WHAT IS EXPECTED: Repeat, exactly as written, the lines from the one with "A pic from outside/outdoor" to the final line of the listing, and keep every picture out.

MATERIALS PROVIDED:
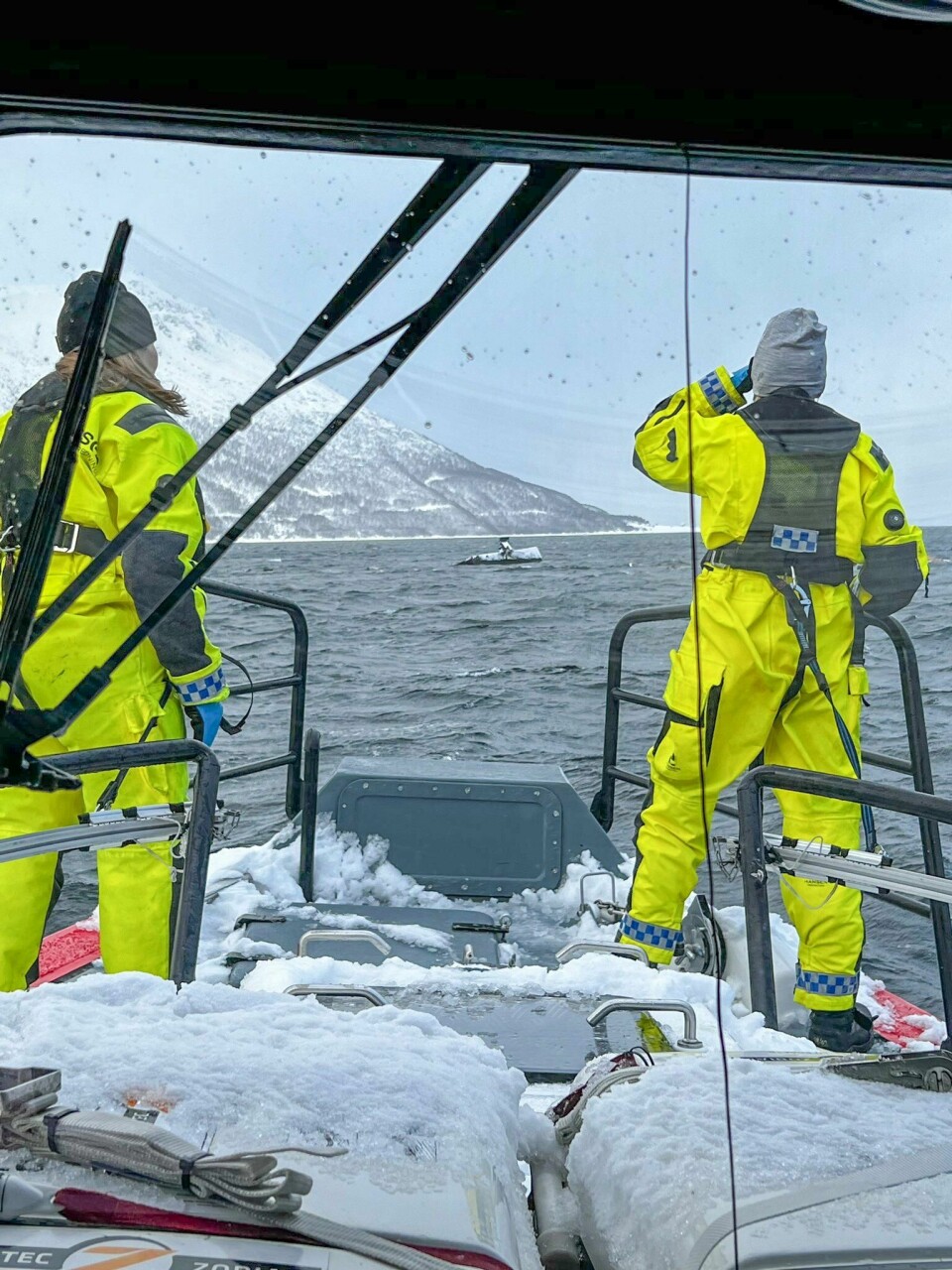 Redningsselskapet er ute i båt og hjelper til forbindelse med raset på Reinøya. To personer er bekreftet omkommet. Foto: Redningsselskapet ved redningsskøyta Bergesen D.y. / NTB Redningsselskapet er ute i båt og hjelper til forbindelse med raset på Reinøya. To personer er bekreftet omkommet. Foto: Redningsselskapet ved redningsskøyta Bergesen D.y. / NTB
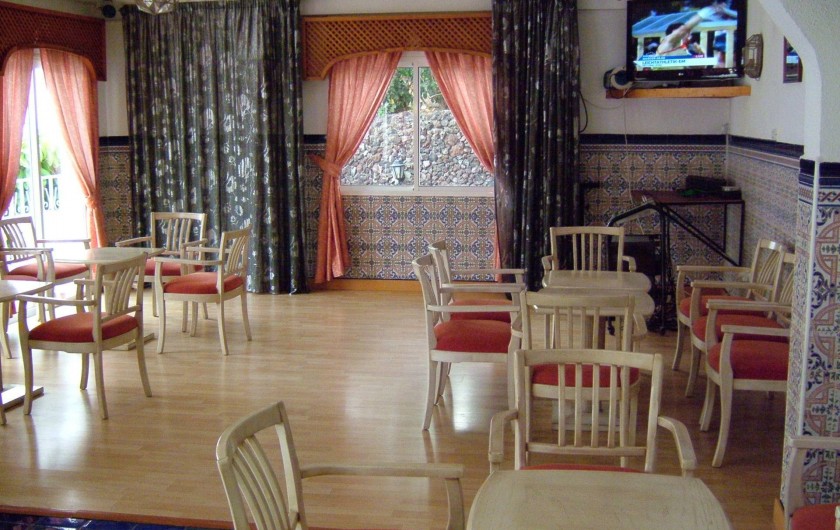 Location de vacances - Appartement à Los Cristianos - Salon du bar où il y a des spectacles (musique) et grande tv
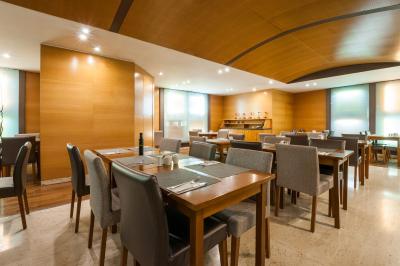 یورواستارز کریستال پالاس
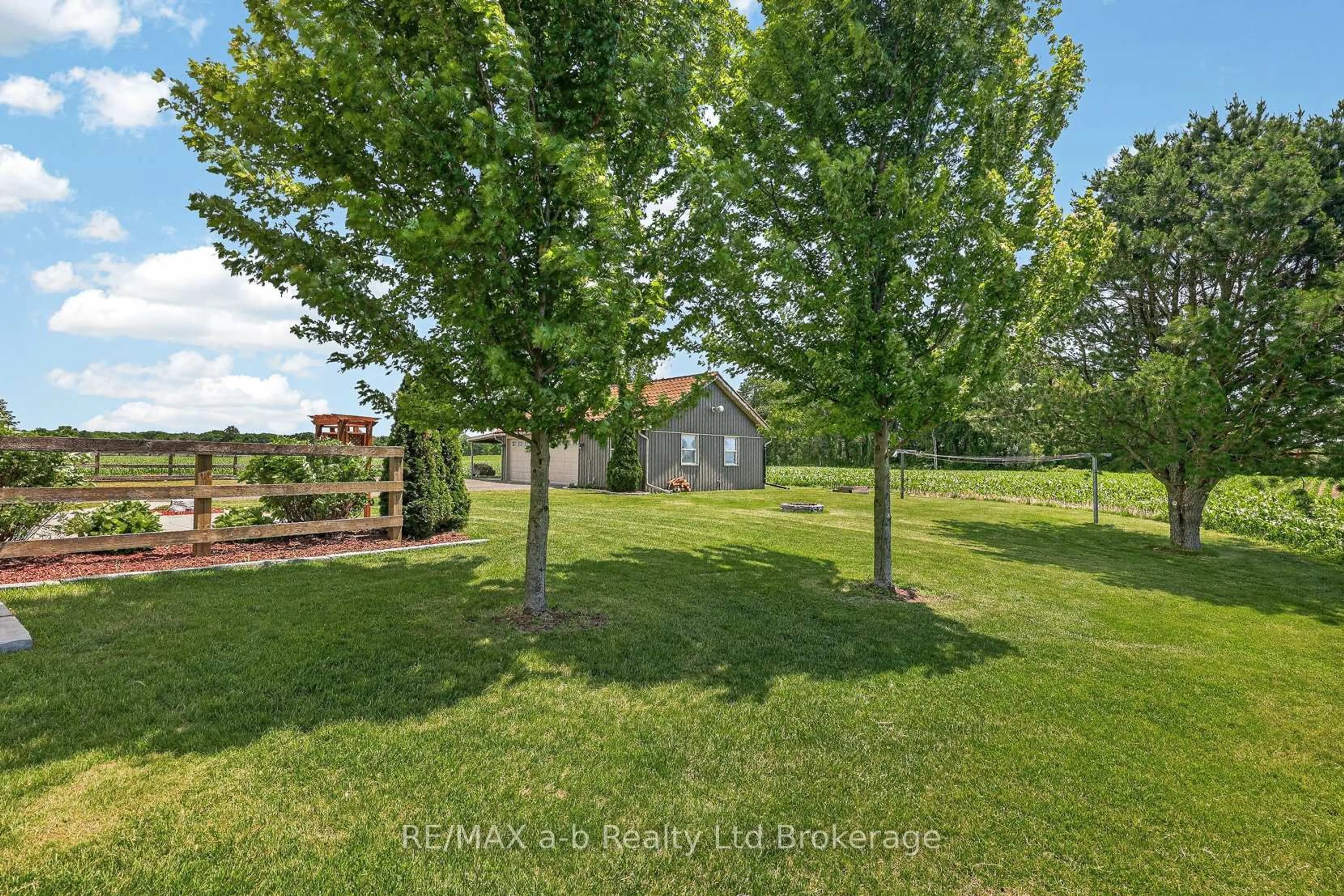 A pic from outside/outdoor area/front of a property/back of a property/a pic from drone, unknown for 410 2nd Concession Rd, Norfolk Ontario N0J 1E0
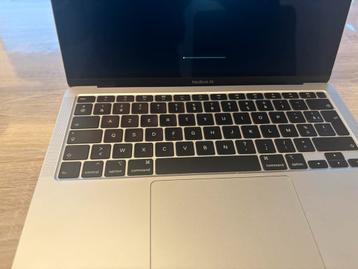 A vendre MacBook Air 2020 beschikbaar voor biedingen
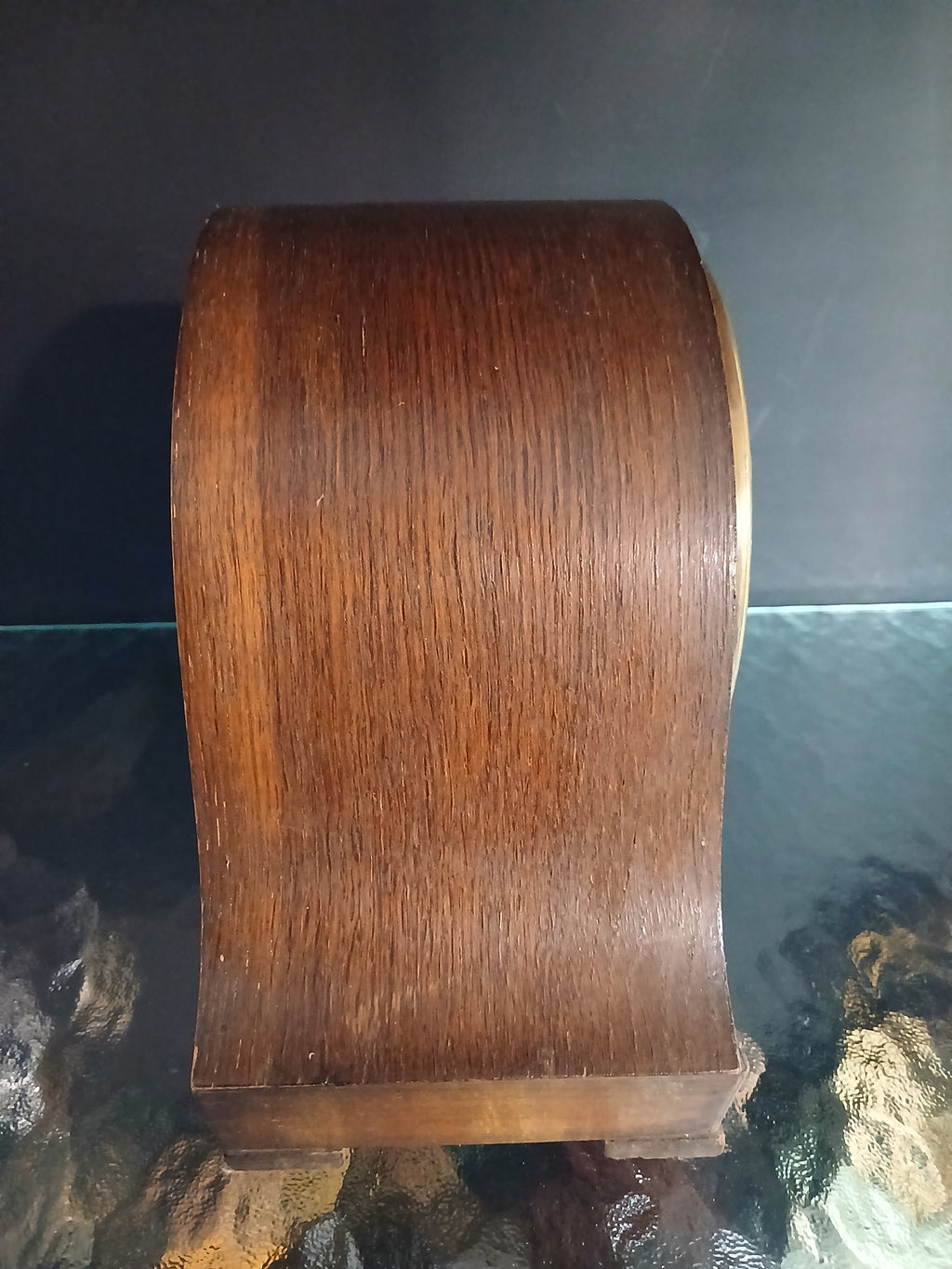 Élégante horloge à poser Art Déco datant des années 1920-1930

EXERCISE OUTPUT:
 A pic from outside/outdoor area/front of a property/back of a property/a pic from drone, unknown for 410 2nd Concession Rd, Norfolk Ontario N0J 1E0
 A vendre MacBook Air 2020 beschikbaar voor biedingen
 Élégante horloge à poser Art Déco datant des années 1920-1930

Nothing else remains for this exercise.